The “committee” module is inspired by query-by-committee (QBC) [22] that was originally proposed for active learning. Different from QBC that measures disagreement, we collect consents from a committee, which comprises a base model and several auxiliary models. The heterogeneity of the committee reveals different views on the structure of the unlabeled data. Then positive pairs are selected as the pair instances that the committee members most agree upon, rather than the base model is most confident of. Hence the committee module is capable of selecting meaningful and hard positive pairs from the unlabeled data besides just easy pairs, complementing the model trained from just labeled data. Beyond the simple voting scheme, as practiced by most QBC methods, we formulate a novel and more effective “mediator” to aggregate opinions from the committee. The mediator is a binary classifier that produces the final decision as to select a pair or not. We carefully design the inputs to the mediator so that it covers distributional information about the inner structure. The inputs include (1) voting results of the committee, (2) similarity between the pair, and (3) local density between the pair. The last two inputs are measured across all members of the committee and the base model. Thanks to the “committee” module and the “mediator” module, we construct a robust consensus-driven graph on the unlabeled data. Finally, we propagate pseudo-labels on the graph to form an auxiliary task for training our base model with unlabeled data.
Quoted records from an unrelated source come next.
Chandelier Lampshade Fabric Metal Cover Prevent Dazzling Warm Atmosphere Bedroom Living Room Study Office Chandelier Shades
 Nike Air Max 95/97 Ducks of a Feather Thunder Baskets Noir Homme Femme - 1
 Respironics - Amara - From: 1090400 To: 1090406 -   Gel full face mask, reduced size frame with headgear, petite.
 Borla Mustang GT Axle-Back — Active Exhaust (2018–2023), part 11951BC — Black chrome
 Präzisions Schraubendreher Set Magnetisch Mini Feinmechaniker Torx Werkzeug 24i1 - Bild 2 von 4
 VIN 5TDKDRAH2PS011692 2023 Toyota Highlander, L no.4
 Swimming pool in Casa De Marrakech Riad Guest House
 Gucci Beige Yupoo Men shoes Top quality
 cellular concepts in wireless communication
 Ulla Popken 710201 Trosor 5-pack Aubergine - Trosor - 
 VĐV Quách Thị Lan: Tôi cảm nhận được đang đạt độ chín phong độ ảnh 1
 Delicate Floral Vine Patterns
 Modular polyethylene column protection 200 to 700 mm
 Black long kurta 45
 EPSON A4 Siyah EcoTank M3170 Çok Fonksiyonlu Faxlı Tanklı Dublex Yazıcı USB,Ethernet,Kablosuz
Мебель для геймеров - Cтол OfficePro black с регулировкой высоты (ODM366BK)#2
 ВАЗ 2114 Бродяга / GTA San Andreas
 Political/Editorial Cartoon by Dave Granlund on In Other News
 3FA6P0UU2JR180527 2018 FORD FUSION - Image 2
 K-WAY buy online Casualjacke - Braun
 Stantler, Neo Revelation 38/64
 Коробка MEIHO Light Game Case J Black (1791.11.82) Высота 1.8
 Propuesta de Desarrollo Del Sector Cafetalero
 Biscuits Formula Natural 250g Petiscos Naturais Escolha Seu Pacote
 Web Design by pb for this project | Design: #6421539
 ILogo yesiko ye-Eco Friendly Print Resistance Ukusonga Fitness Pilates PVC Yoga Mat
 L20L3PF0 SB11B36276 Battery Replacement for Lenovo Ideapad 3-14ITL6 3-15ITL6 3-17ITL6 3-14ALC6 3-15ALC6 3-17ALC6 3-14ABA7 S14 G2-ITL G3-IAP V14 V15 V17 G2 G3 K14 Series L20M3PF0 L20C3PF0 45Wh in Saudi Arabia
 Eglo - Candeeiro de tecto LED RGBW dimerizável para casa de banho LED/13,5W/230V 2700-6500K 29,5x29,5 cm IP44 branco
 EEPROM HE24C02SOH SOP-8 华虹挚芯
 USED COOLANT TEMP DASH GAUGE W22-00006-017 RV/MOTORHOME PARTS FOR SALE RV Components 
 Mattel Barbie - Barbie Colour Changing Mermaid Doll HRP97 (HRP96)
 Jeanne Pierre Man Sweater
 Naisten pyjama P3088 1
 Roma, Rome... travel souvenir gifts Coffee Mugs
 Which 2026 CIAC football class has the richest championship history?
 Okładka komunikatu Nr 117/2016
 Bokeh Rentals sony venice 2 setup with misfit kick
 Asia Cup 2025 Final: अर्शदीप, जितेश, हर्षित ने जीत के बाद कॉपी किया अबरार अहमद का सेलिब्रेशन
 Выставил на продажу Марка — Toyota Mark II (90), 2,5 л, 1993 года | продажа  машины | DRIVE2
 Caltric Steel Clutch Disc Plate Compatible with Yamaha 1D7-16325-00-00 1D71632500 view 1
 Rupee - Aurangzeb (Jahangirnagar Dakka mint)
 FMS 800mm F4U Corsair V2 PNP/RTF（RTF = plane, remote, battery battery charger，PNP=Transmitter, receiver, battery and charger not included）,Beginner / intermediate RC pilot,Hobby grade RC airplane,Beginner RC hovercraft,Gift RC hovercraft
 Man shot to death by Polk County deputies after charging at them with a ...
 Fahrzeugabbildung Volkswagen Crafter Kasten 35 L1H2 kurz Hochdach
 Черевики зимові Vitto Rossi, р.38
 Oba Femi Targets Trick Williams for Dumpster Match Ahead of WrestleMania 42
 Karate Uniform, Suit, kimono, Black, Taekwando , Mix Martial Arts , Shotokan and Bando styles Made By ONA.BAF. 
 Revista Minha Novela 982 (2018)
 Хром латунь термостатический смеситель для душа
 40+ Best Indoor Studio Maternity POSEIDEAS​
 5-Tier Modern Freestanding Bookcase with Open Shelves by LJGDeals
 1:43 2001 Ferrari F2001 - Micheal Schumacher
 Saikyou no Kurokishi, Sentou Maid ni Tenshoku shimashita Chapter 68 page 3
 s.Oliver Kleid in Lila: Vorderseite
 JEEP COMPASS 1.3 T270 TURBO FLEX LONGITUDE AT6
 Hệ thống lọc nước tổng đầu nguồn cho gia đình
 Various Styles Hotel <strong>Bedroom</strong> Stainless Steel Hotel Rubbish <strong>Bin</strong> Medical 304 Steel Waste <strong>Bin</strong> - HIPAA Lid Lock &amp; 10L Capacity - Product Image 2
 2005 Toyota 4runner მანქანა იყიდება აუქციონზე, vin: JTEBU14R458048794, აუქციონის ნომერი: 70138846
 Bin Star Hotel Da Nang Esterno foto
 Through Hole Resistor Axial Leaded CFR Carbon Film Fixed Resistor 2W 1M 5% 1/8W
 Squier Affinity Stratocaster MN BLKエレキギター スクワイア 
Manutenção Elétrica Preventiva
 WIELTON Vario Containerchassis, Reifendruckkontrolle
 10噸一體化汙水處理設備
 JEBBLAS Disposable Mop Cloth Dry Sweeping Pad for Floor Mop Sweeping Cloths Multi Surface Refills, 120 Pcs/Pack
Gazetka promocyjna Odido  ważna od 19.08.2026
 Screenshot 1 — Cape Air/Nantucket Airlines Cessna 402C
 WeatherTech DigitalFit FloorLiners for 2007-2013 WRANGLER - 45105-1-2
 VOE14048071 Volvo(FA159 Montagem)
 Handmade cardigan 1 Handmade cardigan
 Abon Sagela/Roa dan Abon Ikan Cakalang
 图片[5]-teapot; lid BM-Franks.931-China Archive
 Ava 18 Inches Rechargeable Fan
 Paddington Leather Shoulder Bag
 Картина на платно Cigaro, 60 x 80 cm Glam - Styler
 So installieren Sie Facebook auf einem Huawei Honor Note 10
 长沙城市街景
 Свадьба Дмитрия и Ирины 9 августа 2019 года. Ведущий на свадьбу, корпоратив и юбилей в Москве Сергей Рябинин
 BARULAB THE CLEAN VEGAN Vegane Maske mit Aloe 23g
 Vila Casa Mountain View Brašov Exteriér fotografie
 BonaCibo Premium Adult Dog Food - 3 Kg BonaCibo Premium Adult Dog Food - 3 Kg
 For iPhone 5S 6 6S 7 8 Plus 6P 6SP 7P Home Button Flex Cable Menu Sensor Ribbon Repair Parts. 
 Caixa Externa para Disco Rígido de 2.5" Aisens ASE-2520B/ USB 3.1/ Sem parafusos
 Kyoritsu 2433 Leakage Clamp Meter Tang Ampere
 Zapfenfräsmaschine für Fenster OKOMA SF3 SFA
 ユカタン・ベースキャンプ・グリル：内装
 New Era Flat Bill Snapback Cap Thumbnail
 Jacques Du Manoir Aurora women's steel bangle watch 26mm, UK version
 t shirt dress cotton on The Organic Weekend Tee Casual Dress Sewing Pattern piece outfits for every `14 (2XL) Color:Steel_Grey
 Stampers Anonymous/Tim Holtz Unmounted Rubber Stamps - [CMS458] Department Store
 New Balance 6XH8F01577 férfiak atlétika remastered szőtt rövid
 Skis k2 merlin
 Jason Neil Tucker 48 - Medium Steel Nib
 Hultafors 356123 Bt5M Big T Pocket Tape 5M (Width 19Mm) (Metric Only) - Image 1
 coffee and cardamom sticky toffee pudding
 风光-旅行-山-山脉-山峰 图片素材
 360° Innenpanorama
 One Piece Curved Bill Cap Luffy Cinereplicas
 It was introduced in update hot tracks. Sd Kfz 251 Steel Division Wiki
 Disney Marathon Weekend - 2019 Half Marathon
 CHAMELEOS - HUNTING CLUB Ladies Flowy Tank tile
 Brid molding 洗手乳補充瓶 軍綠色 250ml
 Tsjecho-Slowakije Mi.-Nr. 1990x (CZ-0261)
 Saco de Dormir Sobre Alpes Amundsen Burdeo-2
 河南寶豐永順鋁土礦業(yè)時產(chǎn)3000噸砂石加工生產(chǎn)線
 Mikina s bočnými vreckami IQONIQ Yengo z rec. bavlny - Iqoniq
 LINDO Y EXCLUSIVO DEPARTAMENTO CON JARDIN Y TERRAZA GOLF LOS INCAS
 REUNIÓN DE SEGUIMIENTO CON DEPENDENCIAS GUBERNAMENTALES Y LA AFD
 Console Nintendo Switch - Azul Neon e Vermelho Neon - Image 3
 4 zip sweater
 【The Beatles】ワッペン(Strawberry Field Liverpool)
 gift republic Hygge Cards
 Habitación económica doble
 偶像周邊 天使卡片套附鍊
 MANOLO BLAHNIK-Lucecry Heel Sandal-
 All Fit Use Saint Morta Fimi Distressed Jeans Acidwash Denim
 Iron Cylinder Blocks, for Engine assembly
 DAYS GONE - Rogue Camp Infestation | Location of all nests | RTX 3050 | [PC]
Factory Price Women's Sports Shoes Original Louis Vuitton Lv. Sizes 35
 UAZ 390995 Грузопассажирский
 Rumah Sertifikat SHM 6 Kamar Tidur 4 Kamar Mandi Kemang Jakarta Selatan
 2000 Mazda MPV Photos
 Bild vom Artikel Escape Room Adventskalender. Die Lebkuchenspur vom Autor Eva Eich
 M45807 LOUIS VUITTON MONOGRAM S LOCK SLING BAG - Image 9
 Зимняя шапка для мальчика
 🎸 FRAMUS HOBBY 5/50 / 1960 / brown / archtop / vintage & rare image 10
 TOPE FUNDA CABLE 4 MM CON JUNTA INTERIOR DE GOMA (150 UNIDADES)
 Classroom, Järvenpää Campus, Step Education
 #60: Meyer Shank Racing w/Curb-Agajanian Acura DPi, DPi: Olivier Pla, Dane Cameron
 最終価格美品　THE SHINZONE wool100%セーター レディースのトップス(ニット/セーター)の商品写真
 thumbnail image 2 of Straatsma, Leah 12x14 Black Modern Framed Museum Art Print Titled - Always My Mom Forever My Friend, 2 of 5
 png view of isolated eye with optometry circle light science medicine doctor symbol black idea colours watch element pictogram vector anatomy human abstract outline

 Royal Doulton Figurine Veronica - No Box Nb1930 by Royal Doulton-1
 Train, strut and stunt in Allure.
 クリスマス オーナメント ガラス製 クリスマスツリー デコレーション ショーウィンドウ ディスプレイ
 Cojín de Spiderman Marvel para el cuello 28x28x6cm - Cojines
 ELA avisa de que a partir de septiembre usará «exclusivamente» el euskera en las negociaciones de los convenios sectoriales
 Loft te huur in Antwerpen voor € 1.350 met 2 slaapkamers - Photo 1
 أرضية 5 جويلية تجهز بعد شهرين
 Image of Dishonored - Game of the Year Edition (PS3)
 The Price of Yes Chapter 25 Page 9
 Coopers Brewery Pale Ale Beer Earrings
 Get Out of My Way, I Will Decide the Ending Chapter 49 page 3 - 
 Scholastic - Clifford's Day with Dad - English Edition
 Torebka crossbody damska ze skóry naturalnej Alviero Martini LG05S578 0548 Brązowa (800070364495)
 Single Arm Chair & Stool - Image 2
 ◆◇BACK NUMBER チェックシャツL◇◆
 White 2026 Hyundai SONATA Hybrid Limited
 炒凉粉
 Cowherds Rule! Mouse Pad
To summarize, we investigate the usage of massive unlabeled data (over 6M images) for large-scale face recognition. Our setting closely resembles real-world scenarios where the unlabeled data are collected from unconstrained environments and their identities are exclusive from the labeled ones. We propose consensus-driven propagation (CDP) to tackle this challenging problem with two carefully-designed modules, the “committee” and the “mediator”, which select positive face pairs robustly by aggregating multi-view information. We show that a wise usage of unlabeled data can complement scarce manual labels to achieve compelling results. With consensus-driven propagation, we can achieve comparable results by only using \(9\%\) of the labels when compared to its fully-supervised counterpart.

2 Related Work

Semi-supervised Face Recognition. Semi-supervised learning [4, 34] is proposed to leverage large-scale unlabeled data, given a handful of labeled data. It typically aims at propagating labels to the whole dataset from limited labels, by various ways, including self-training [19, 30], co-training [2, 16], multi-view learning [20], expectation-maximization [6] and graph-based methods [36]. For face recognition, Roli and Marcialis [18] adopt a self-training strategy with PCA-based classifiers. In this work, the labels of unlabeled data are inferred with an initial classifier and are added to augment the labeled dataset. Zhao et al. [33] employ Linear Discriminant Analysis (LDA) as the classifier and similarly use self-training to infer labels. Gao et al. [8] propose a semi-supervised sparse representation based method to handle the problem in few-shot learning that labeled examples are typically corrupted by nuisance variables such as bad lighting, wearing glasses. All the aforementioned methods are based on the assumption that the set of categories are shared between labeled data and unlabeled data. However, as mentioned before, this assumption is impractical when the quantity of face identities goes massive.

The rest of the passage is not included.